Mary Parker and Caela Cowan (2012), Archival pigment prints mounted to dibond, 40 x 64 inches, courtesy the artist and the Birmingham Museum of Art

As Bey explains, part of the process in The Birmingham Project involved constructing the circumstances by and through which his sitters could reassert their rights to the gaze. Compositionally he has each subject look directly into the lens, creating an image in which each subject stares directly at the viewer. While Bey’s gaze is certainly active, his sitters’ position is not. His seated subjects reference both the Sixteenth Street Baptist Church and the nonviolent protest of the sit-in, but at the same time they also embody a sense of patience and of the willingness to engage with the camera, making the process truly participatory.

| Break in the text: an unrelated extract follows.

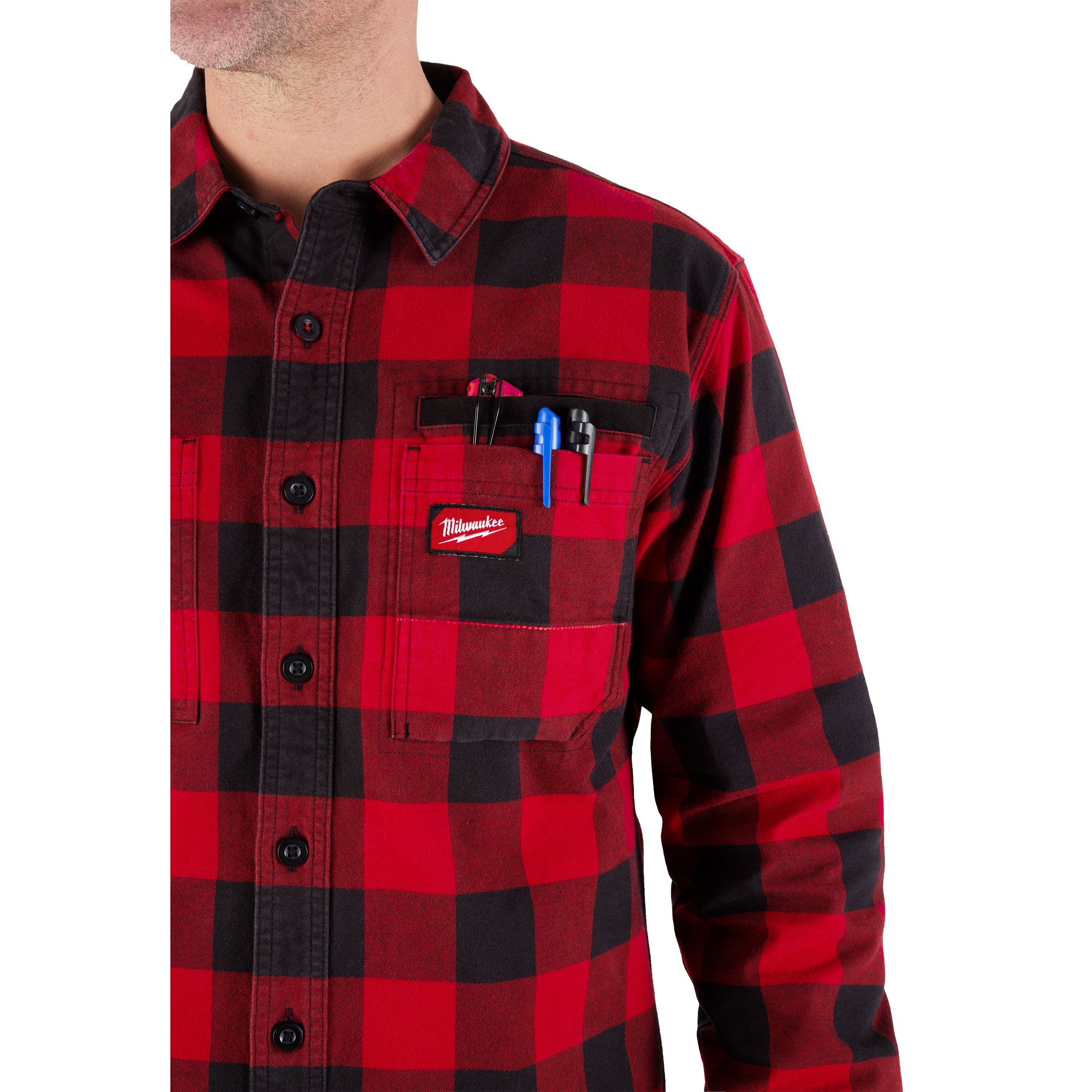 CHEMISE EN FLANELLE GRIDIRON (ROUGE - LARGE)
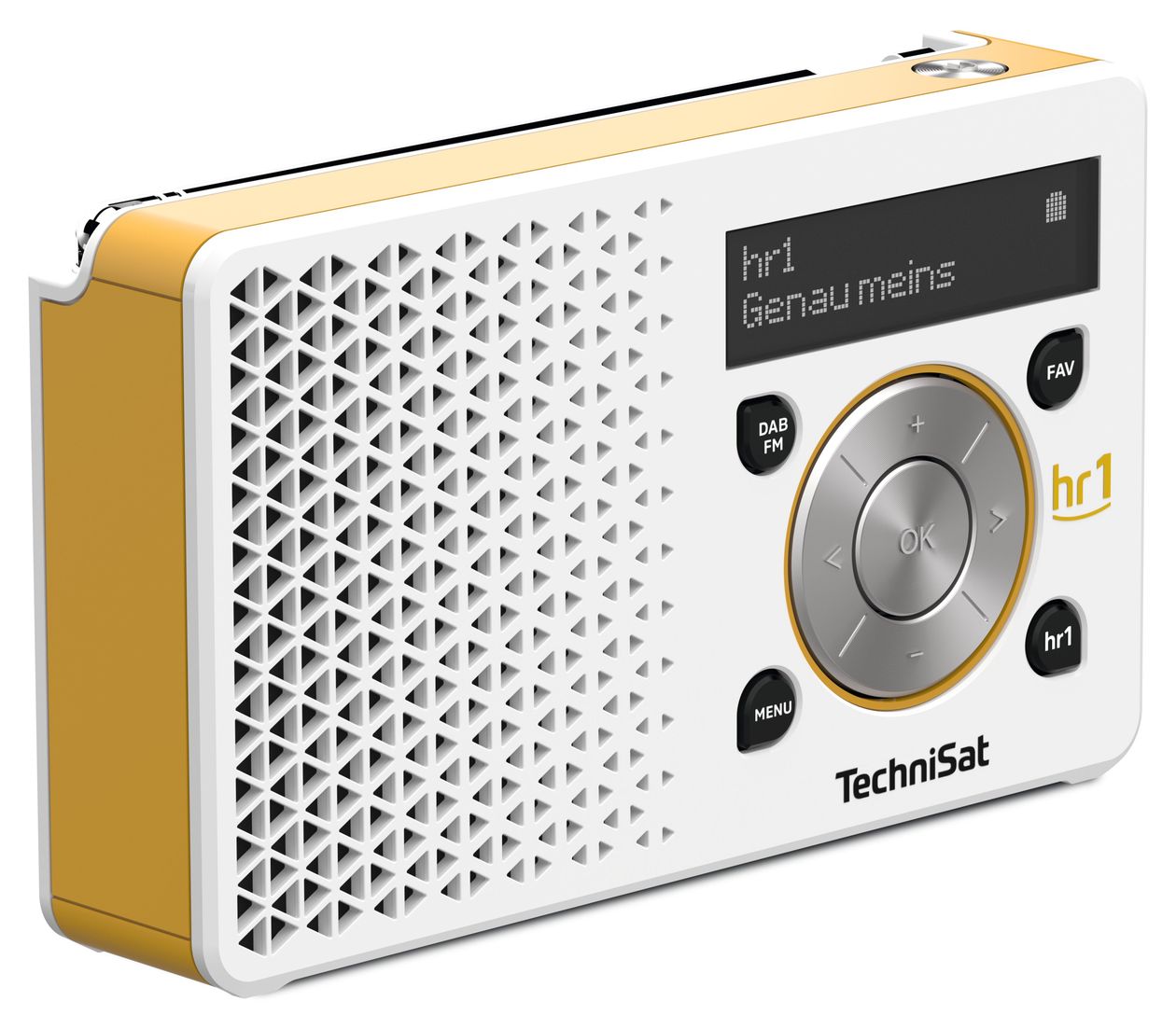 Digitradio 1 hr1 Edition DAB, DAB+, UKW Radio Tragbar  (Weiß, Gelb)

The video that accompanies the exhibition consists of a split-screen projection in which the camera appears to roll past a range of culturally significant spaces. Some, such as the Sixteenth Street Baptist Church, are identifiable, whereas others remain mere markers. Platt observes that Bey has placed the viewer in the back seat of a car, where he or she becomes one of the little girls only moments from tragedy, the viewpoint set low beneath the car doorframe, looking up, the signifiers of home and community represented only by roofs and chimneys. Bey chose this more poetic, more evocative approach, leaving aside imagery that more directly reflects the contemporary issues of Birmingham. How could he have simply pictured its ongoing segregation, economic and social now rather than legal; its white flight from the municipality of Birmingham itself, making the city both more African-American and more impoverished; and its struggle with crime, particularly black on black crime?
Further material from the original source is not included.